What you will do: Return exactly, with nothing added, the lines from the one that contains "珐琅锅番茄海鲜什锦锅的做法 步骤2" through the end of the listing below, pictures excluded.

Input material:
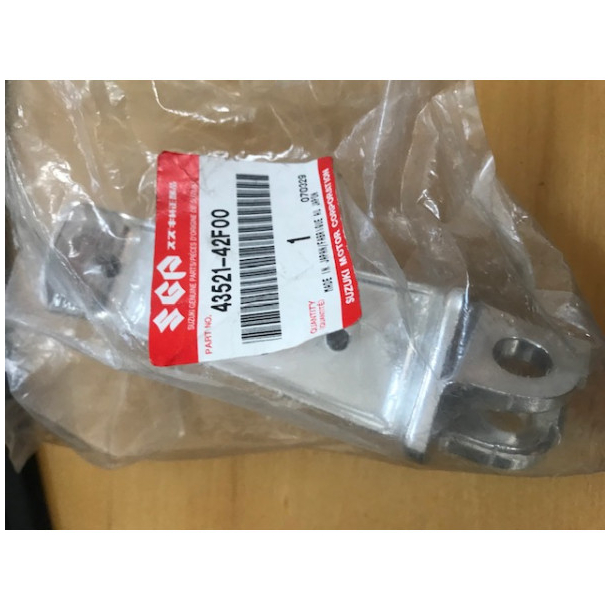 SUZUKI 4352142F00 43521-42F00 BAR,FR FOOTREST,L GSX1400 2002-2007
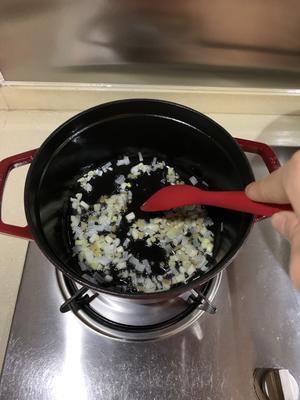 珐琅锅番茄海鲜什锦锅的做法 步骤2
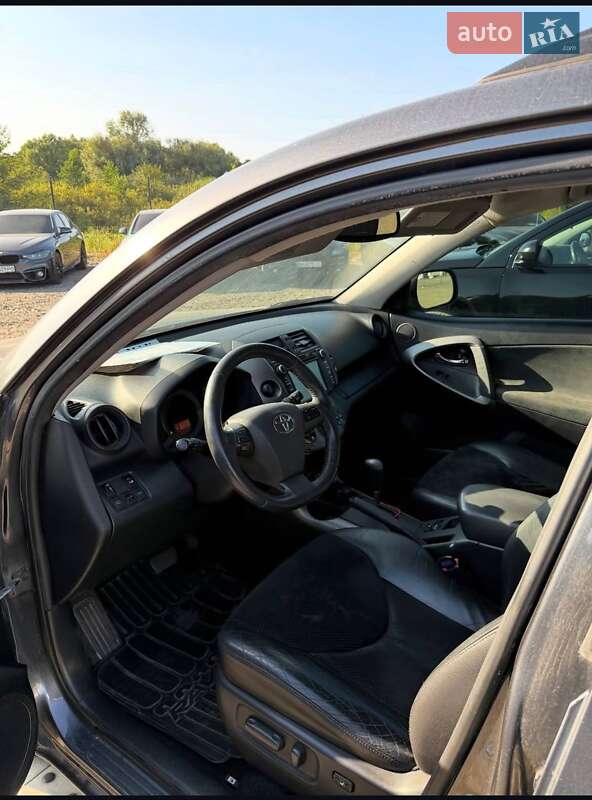 Внедорожник / Кроссовер Toyota RAV4 2011 в Хмельницком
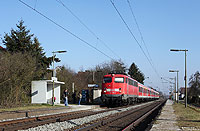 Auf dem Weg von Treysa nach Gießen legt der RE15021 in Anzefahr einen kurzen Zwischenhalt ein. Zuglok an diesem 14.3.2012 war die Frankfurter 110 409.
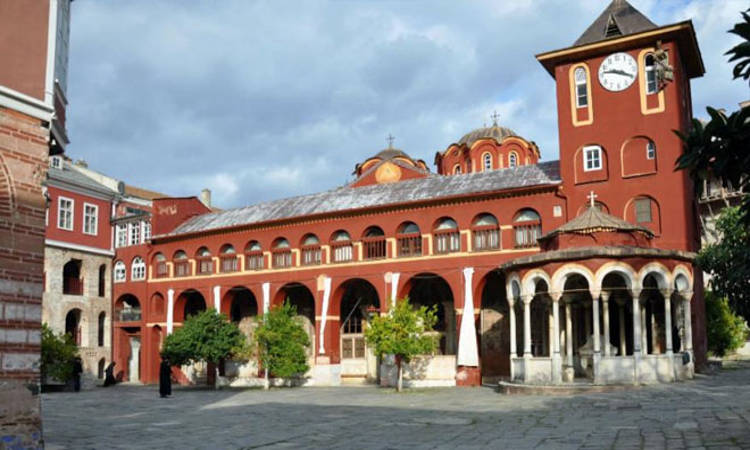 Προσφορά Μονής Βατοπαιδίου στο Κοινωνικό Παντοπωλείο της Μητροπόλεως Κερκύρας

Exercise answer:
 珐琅锅番茄海鲜什锦锅的做法 步骤2
 Внедорожник / Кроссовер Toyota RAV4 2011 в Хмельницком
 Auf dem Weg von Treysa nach Gießen legt der RE15021 in Anzefahr einen kurzen Zwischenhalt ein. Zuglok an diesem 14.3.2012 war die Frankfurter 110 409.
 Προσφορά Μονής Βατοπαιδίου στο Κοινωνικό Παντοπωλείο της Μητροπόλεως Κερκύρας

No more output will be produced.